The Declaration of Independence holds a significant place in American civic tradition. It is often viewed as a sacred text with its compelling assertion of human equality: “We hold these truths to be self-evident, that all men are created equal, that they are endowed by their creator with certain unalienable rights, that among these are life, liberty and the pursuit of happiness.”
This statement reflects universal aspirations for human freedom. President Gerald Ford, during the nation’s bicentennial, referred to the Declaration as the unchanging “Polaris of our political order,” highlighting the eternal nature of its moral truths.
While many see the Declaration as embodying these ideals, history reveals a more complex story. Thomas Jefferson, its primary author, intended it less as an affirmation of equality and more as a critique of political authority. Influenced by Enlightenment thinkers like John Locke, Jefferson’s work emphasized the conditions necessary for government and the right of revolution, rather than a blueprint for emancipation.
“The opening assertions of ‘self-evident’ truths concern men in a ‘state of nature’ before government was established,” historian Pauline Maier wrote in American Scripture: Making the Declaration of Independence.

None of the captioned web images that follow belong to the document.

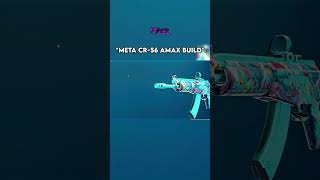 THE *META* CR-56 AMAX is BROKEN on WARZONE 👑 #warzone #callofduty #bo6 #rebirthisland #cod #shorts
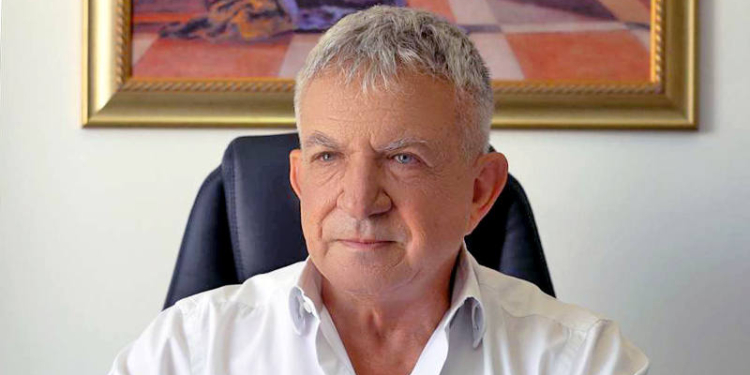 Γρηγόρης Νικολιδάκης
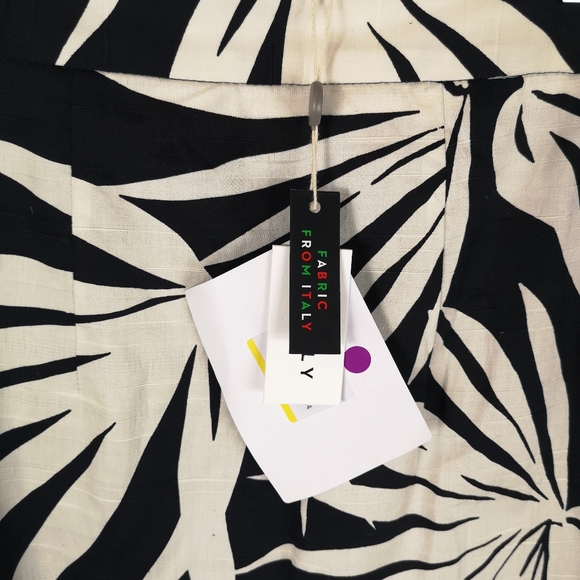 MILLY italy midi skirt - Picture 8 of 12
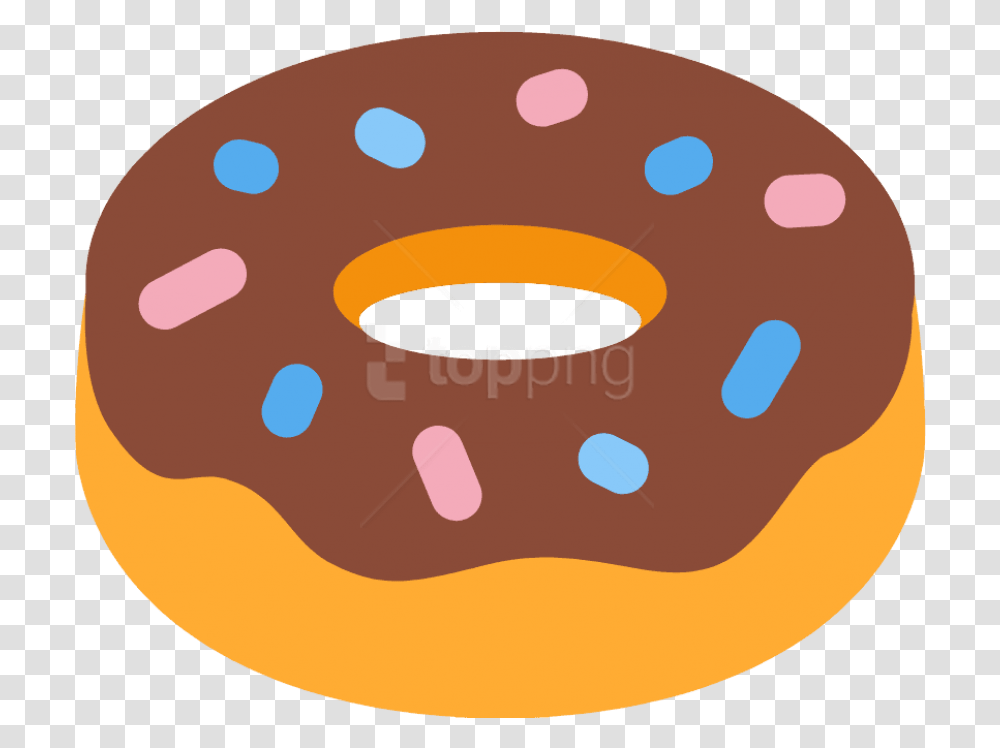 Photo Doughnuts Snacks Clip Art Donut Clipart Background, Pastry, Dessert, Food, Bread Transparent Png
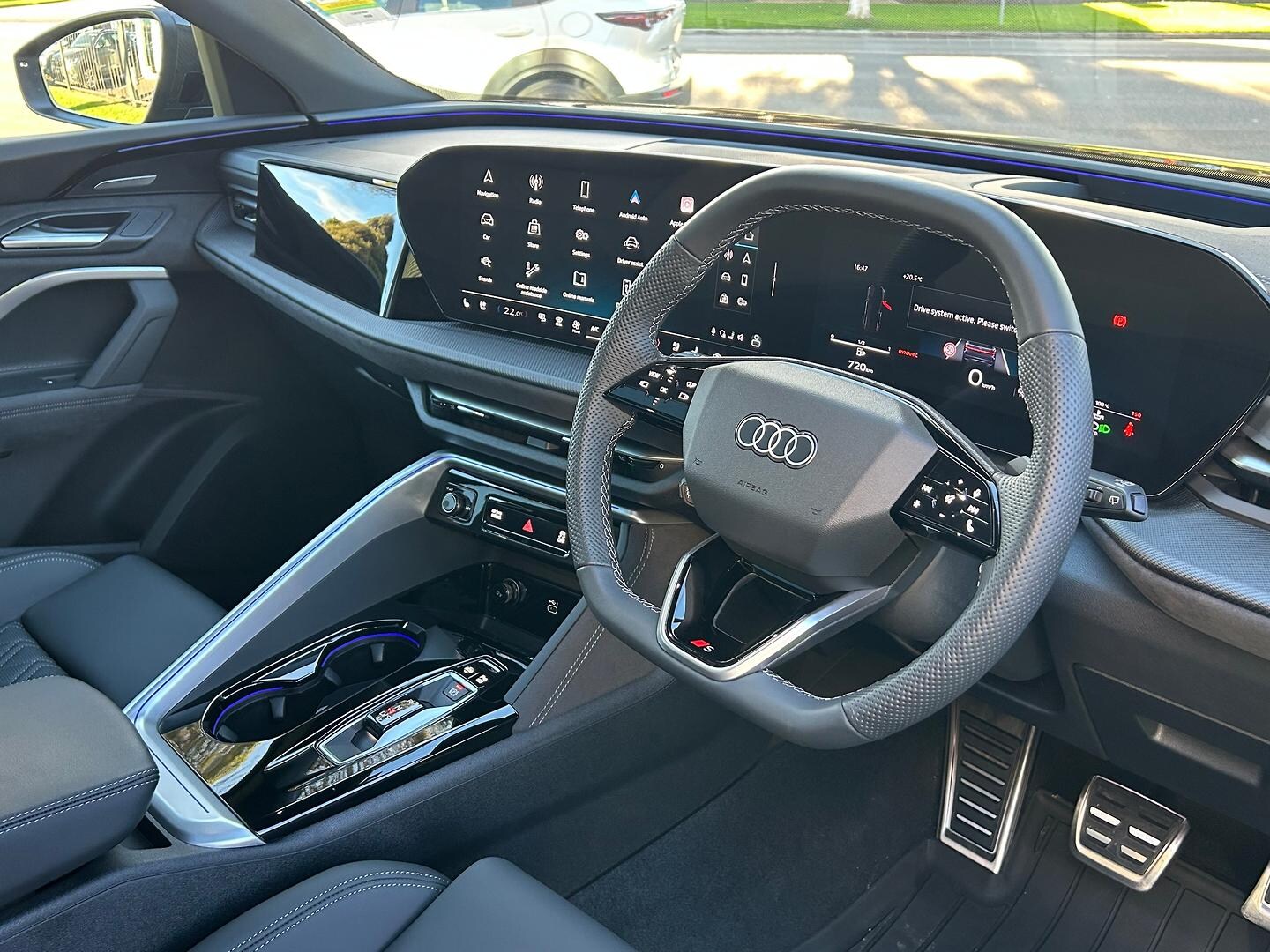 Image about Audi SQ5 Sportback TFSI 270 kW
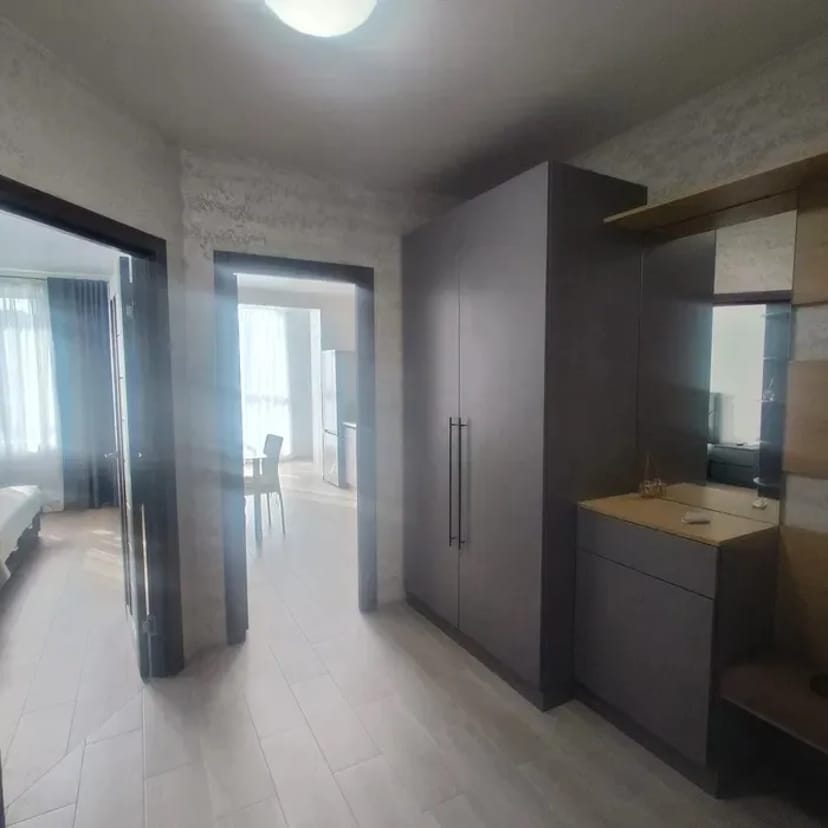 Затишна однокімнатна квартира з ремонтом ЖК "Счастливый"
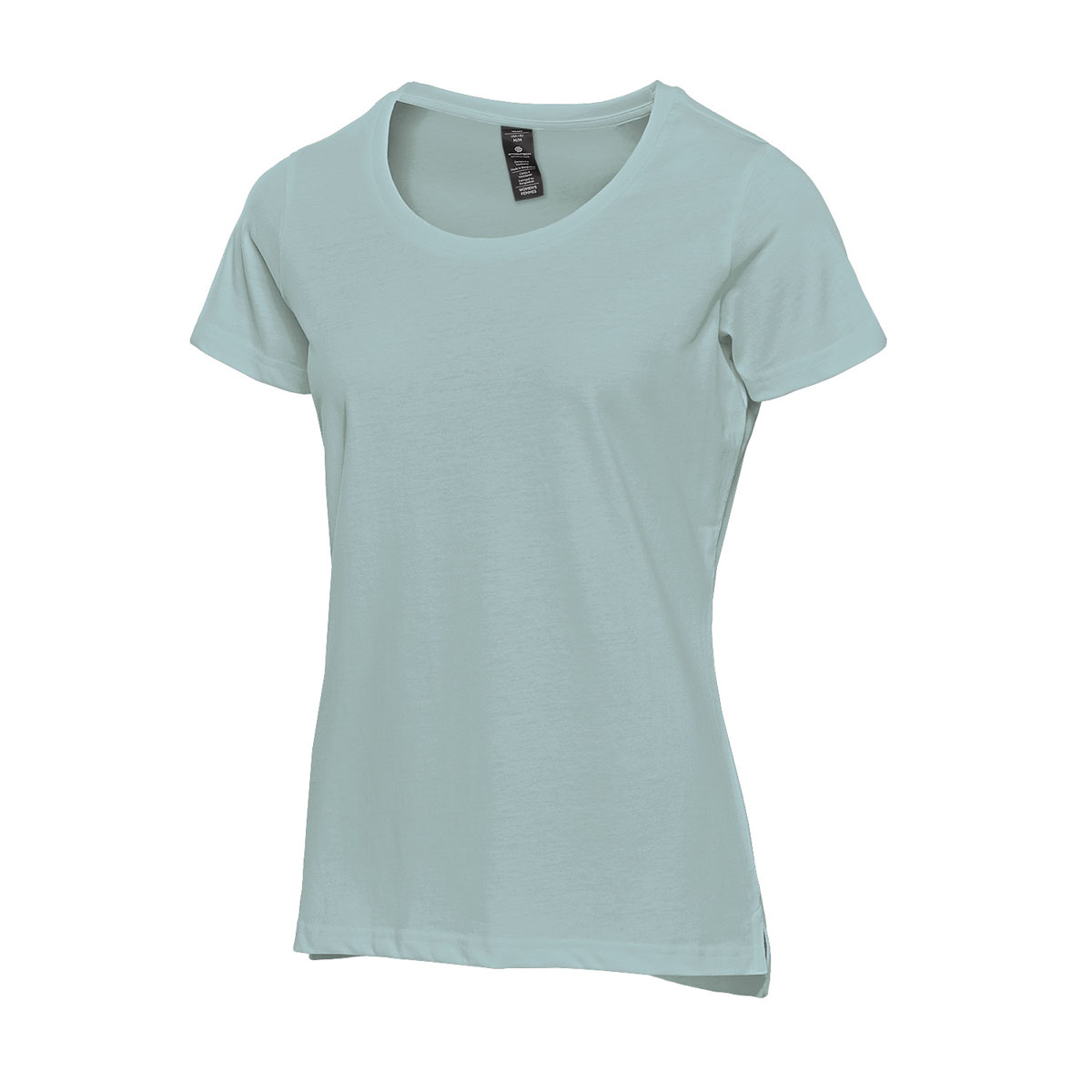 Stormtech Stormtech Women's Equinox Short Sleeve Tee - CPM-1W ICE BLUE HEATHER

In this context, equality was understood as the absence of authority based on heredity or divine right. Jefferson echoed a widespread Revolutionary-era belief that was accessible to colonists through sermons, newspapers, or textbooks, as Maier noted. This ideology is evident in Thomas Paine’s work, Common Sense, where he argued against the idea of hereditary privilege just months before the Declaration was signed.